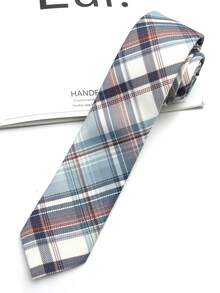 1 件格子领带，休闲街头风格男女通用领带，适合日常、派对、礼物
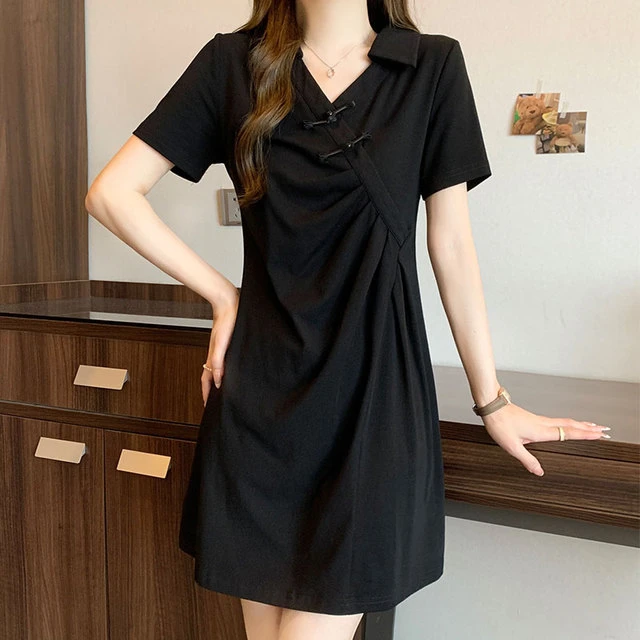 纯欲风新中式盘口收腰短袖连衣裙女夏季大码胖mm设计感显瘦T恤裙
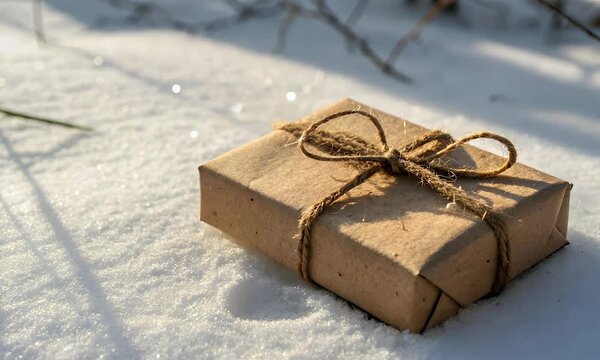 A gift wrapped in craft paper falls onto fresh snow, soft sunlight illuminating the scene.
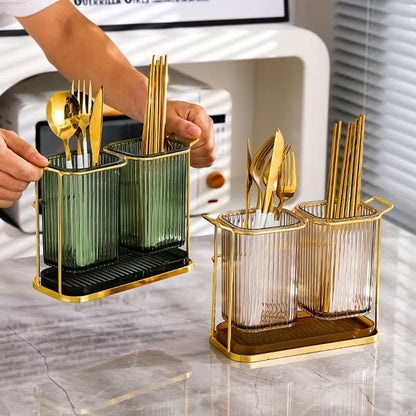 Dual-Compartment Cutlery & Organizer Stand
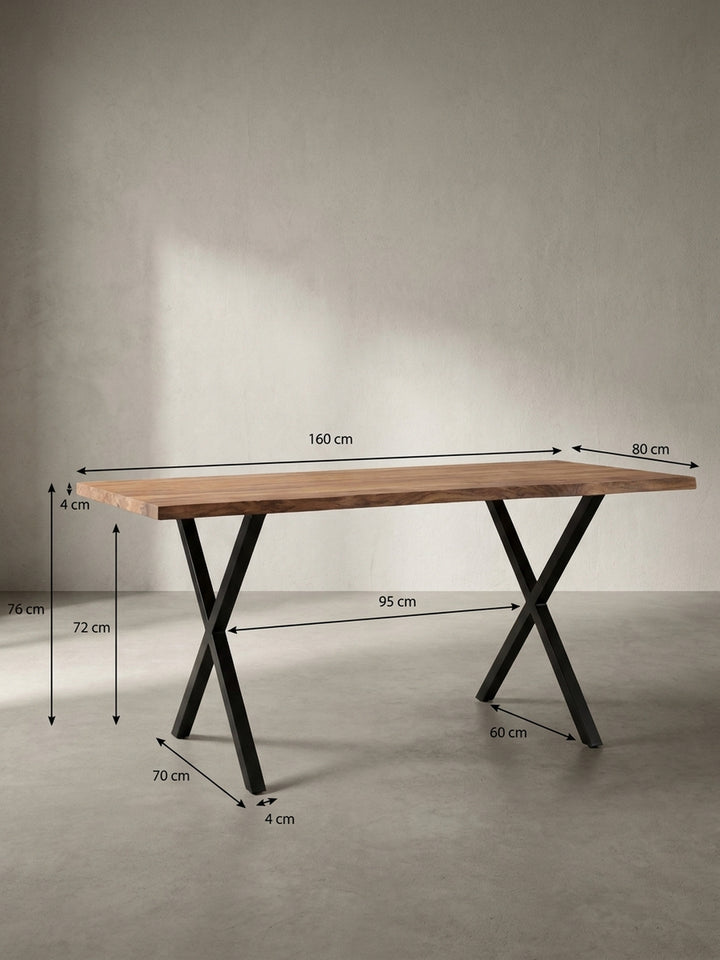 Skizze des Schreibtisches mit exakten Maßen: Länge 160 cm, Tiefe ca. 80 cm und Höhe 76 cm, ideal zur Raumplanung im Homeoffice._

---

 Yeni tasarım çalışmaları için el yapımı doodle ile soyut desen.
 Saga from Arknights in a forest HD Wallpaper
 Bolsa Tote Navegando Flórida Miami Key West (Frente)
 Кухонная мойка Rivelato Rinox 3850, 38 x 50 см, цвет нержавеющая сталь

— THE TASK —
Using the data above, print exactly the lines from the line that contains "Saga from Arknights in a forest HD Wallpaper" through the line that contains "Кухонная мойка Rivelato", with both included.

— SOLVED EXERCISE —
 Saga from Arknights in a forest HD Wallpaper
 Bolsa Tote Navegando Flórida Miami Key West (Frente)
 Кухонная мойка Rivelato Rinox 3850, 38 x 50 см, цвет нержавеющая сталь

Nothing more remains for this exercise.